### [Task item]
Look for the word "with" in the entries and copy every line where it shows up.

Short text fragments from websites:
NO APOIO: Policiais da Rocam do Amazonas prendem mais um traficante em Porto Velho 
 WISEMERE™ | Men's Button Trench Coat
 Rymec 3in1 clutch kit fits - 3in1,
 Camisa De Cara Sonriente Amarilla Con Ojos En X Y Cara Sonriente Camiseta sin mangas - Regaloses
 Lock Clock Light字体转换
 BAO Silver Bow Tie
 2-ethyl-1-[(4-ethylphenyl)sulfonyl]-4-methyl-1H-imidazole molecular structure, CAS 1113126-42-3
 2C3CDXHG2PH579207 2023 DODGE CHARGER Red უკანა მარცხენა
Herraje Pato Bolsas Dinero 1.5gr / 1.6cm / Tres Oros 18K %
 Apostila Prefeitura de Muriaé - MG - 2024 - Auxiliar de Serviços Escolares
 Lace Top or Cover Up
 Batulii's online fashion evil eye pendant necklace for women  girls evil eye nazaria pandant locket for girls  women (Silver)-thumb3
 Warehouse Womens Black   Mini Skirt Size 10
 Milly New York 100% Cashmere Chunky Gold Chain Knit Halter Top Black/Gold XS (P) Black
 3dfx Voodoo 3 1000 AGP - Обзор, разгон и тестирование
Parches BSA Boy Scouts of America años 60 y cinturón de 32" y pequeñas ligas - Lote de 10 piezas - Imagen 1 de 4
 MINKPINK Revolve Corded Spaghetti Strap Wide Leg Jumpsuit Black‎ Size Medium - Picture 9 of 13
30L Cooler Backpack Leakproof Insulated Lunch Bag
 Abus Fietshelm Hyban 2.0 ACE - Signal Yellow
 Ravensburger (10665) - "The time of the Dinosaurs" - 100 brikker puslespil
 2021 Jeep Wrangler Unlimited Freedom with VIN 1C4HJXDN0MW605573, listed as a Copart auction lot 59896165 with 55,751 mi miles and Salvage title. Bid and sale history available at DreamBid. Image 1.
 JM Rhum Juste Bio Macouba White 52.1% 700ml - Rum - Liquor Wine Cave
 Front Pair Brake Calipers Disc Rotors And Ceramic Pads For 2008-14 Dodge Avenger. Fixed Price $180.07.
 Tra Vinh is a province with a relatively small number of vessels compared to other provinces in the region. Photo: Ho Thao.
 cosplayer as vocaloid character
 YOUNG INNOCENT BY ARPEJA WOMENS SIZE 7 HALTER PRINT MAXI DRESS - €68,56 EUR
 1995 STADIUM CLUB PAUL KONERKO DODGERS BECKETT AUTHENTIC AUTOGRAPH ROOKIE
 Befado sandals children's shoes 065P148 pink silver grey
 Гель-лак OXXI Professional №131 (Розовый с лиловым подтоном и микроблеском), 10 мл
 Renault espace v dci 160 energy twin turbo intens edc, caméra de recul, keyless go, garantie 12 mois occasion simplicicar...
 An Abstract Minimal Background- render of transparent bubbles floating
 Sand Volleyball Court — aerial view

### [Response to the task]
 2021 Jeep Wrangler Unlimited Freedom with VIN 1C4HJXDN0MW605573, listed as a Copart auction lot 59896165 with 55,751 mi miles and Salvage title. Bid and sale history available at DreamBid. Image 1.
 Tra Vinh is a province with a relatively small number of vessels compared to other provinces in the region. Photo: Ho Thao.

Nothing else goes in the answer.